Wave quality is all relative. If you are fortunate enough to live high on the dunes above Jeffrey’s Bay, then the chances are you’ll have a different perception of good surf to someone who is optimistically eyeing the weather charts in Norway. And an average day at any of the Australian super peaks is likely to be far superior to what is classed as an average day in the Atlantic waters surrounding the coast of England.
But how does this affect our attitude in the water? What does it do to our makeup as a surfer?
On a recent trip to Indo, I lucked out in terms of the waves I was surfing. El Nino stoically played its part in delivering a conveyor belt of picture perfect waves. In fact, I’d been so spoiled by consistently pumping conditions that one morning I perched above the shoreline to assess the conditions and uncharacteristically dismissed the chance to surf a clean, glassy 5-foot wave that was lazily breaking over another perfect reef because, in my opinion, it wasn’t quite doing it. Instead, I opted to saunter to the nearest warung to overdose on excessively sugary coffee. In hindsight, sitting at my computer and craving the briefest exposure to the ocean, that seems mental. I’d drop everything in an instant to surf that wave now, but at the time, in amongst everything else on offer, it was just a bit… meh.

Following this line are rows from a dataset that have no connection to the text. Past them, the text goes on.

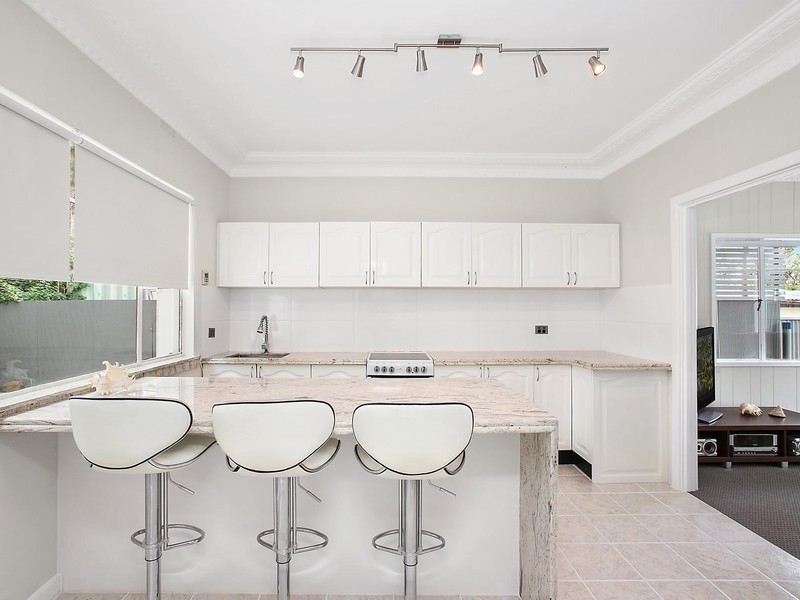 4 Albert Street, Corrimal NSW 2518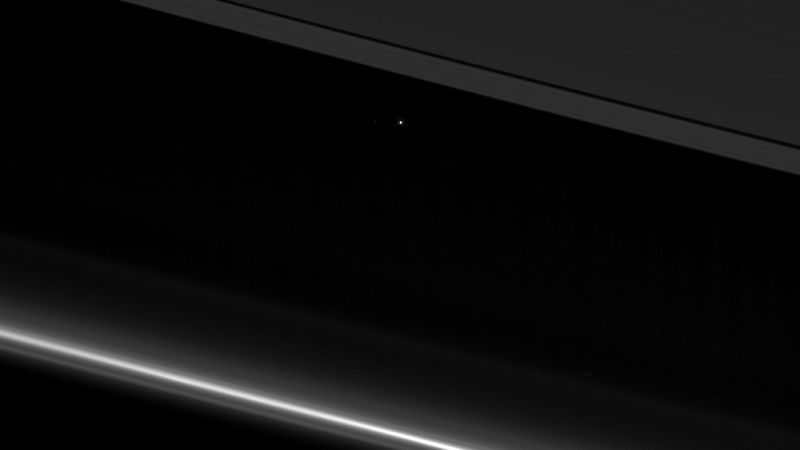 Sonda capta imagem da Terra entre anéis de Saturno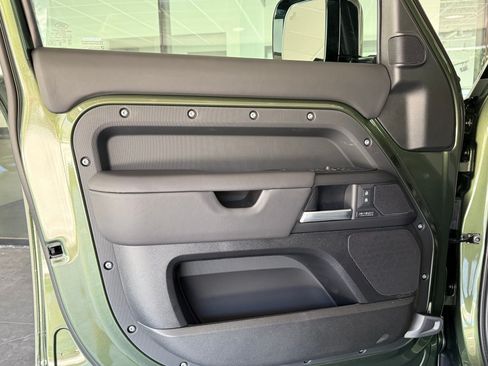 New 2026 Land Rover Defender 110 X-Dynamic SE AWD/4WD image 23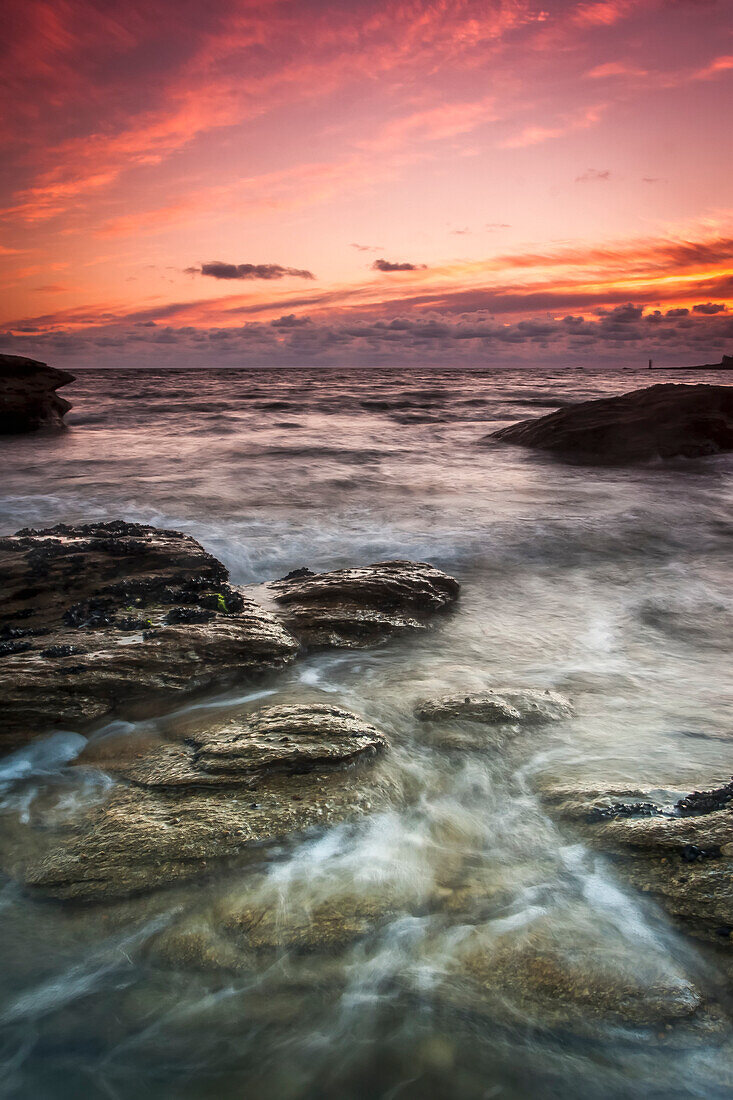 Sonnenuntergang über den Felsen an der französischen Atlantikküste; Perharidi, Brest, Frankreich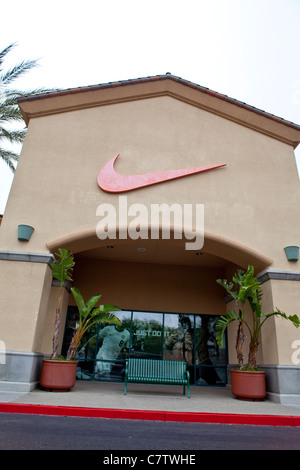 Ein Nike Outlet store am Camarillo-Outlet-Center in Camarillo / Kalifornien Stockfoto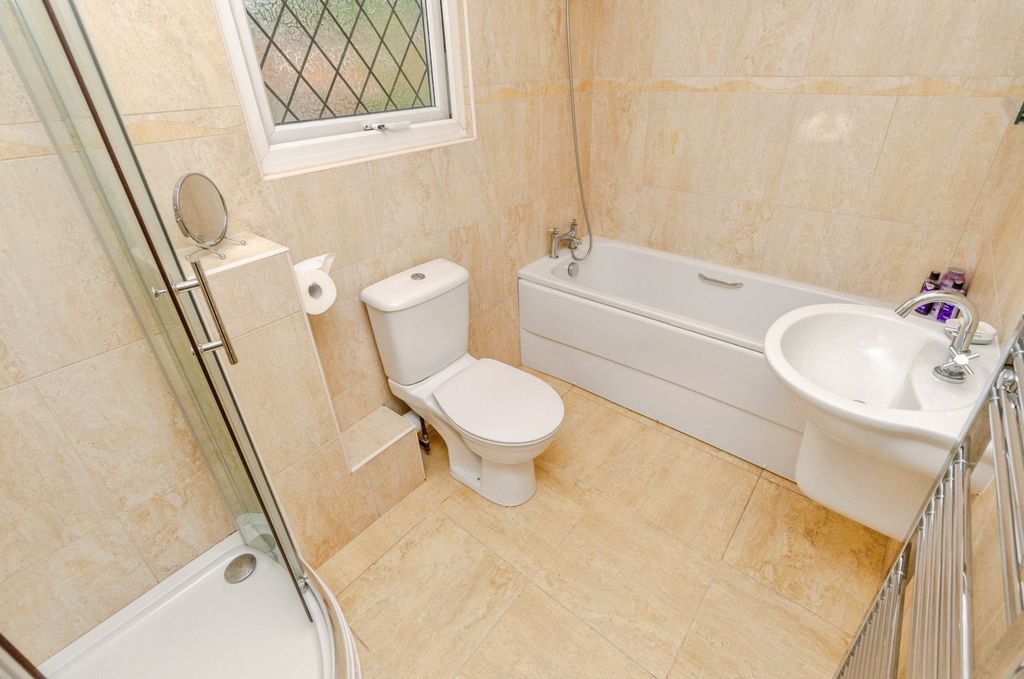 Property photo 3 of 17 Photo
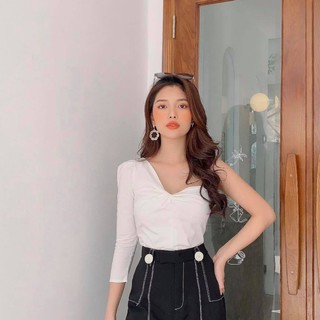 Áo crop lệch vai tay lỡ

Does this mean that people who live in the path of consistently classic surf are less stoked than those who spend more of their time scratching around surfing junk? Possibly.
A truly memorable surf session starts with anticipation. The will it/won’t it aspect gets the adrenaline pumping even before salty air has reached the nostrils, and if it’s on, the elation is like nothing else. And for every day, week, and month that goes by without a decent wave passing through, this pent up anticipation continues to grow. Just ask surfers residing in Texas. Or at the other end of the spectrum, those invited to brave Waimea’s finest in the Eddie.
I’ve recently been forced into a short stay of absence from a beachfront existence, finding myself living in amongst the palm plantations of southern Malaysia–which is not graced with an abundance of swell thanks largely to the presence of Sumatra, which selfishly blocks the swell and denies the power of the ocean to everything off its Eastern coast. Since living here my surf trip count has gone through the roof, so I’m not expecting much sympathy, but a trip, however short, requires planning, packing and some time in an airport; it can never be particularly spontaneous.
The thing I miss most in my absence from the sea is the drop-everything-and-run, dash-to-the-waves mentality. So much so that I’ve scoured the swell charts to discover that actually, there are rideable waves lurking not too far away from me. It needs a bloody great big storm out in the south China sea to send what’s effectively wind chop to the Malaysian coast, but occasionally, it gets good. Not California good, or south of France good, but for a few short hours there can be a semi-decent sized clean wave that presents a few solid sections crying out to be ridden. Hell, it even breaks alongside a rocky outcrop so at a push it could be called a point break. But the biggest surprise that this spot delivers is the enjoyment to be derived from riding such a mediocre wave. It’s such a rare occurrence that levels of exhilaration usually reserved for screaming out of hollow head high barrels are suddenly experienced riding what most of us would certainly describe as average surf. Couple this with the build up of anticipation from a few dry weeks spent pleading with the storm charts to deliver something of note, and you’ve got a unique surfing experience.
If I’ve learned one thing from my short period of time away from the water’s edge, it’s that surfing crappy waves gives me a greater appreciation of the good waves that I find. Perhaps we should be making the annual anti-surf trip a regular fixture on our calendars? Instead of packing our board bags and seeking a continuous stream of world-class waves, we should instead opt for the world’s most fickle of surf spots, spending some time seeking out frustratingly unpowered waves. If nothing else, it would give us an increased sense of gratitude for our home breaks that we often spend so long bitching about.
So while wave quality is all relative, so is the enjoyment that can be derived from surfing. And if you’ve been lucky enough to just exit the water from a 5-foot wave lazily breaking over a perfect reef, make sure you’ve fully appreciated it.